- WORK INSTRUCTION
Only the lines from the one that contains "1 bedroom house for rent Image# 1" through the last line of the data below should be duplicated, exactly and without pictures.

- RECORD SET
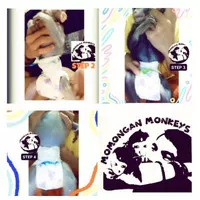 Terlaris! Popok (Diapers) 50 PCS (1kg) Khusus Monkeys / Beruk / Monyet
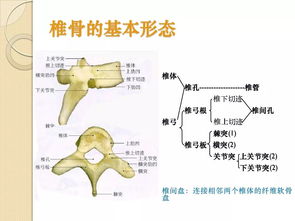 骨相關(guān)的基礎(chǔ)知識(shí)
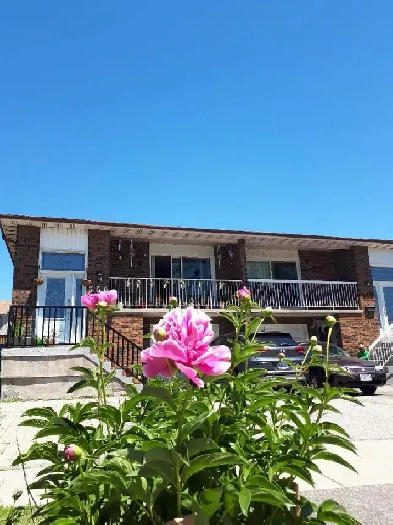 1 bedroom house for rent Image# 1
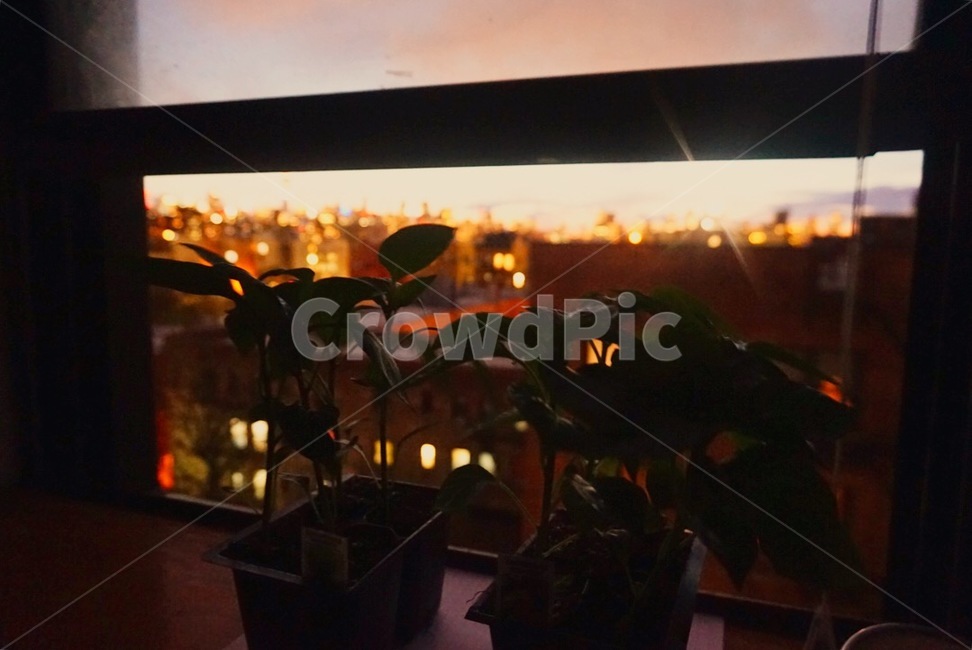 해질녘,식물,노을,여름,창가,plant,mood,감성,sunset,summer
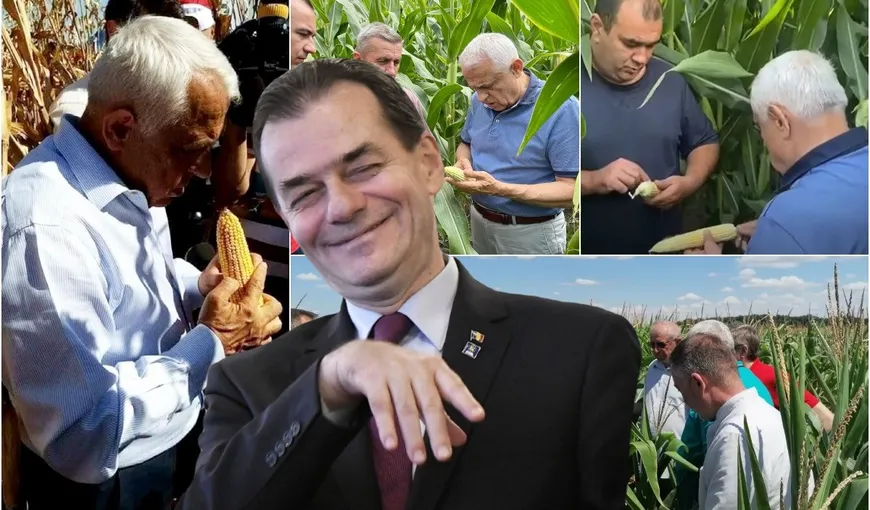 Ludovic Orban ironizează „ciocălăul” ministrului Agriculturii şi are un mesaj amuzant pentru fermieri: „Să vă numere Petre Daea boabele!”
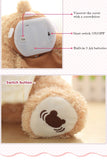 Peek a Boo Teddy Bear Plush Toy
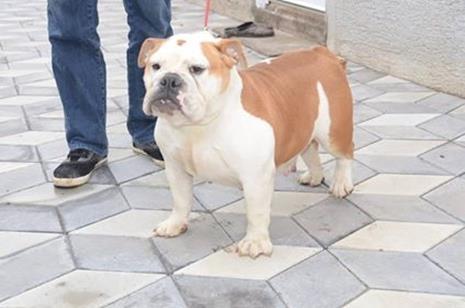 Engleski-buldog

- SOLUTION
 1 bedroom house for rent Image# 1
 해질녘,식물,노을,여름,창가,plant,mood,감성,sunset,summer
 Ludovic Orban ironizează „ciocălăul” ministrului Agriculturii şi are un mesaj amuzant pentru fermieri: „Să vă numere Petre Daea boabele!”
 Peek a Boo Teddy Bear Plush Toy
 Engleski-buldog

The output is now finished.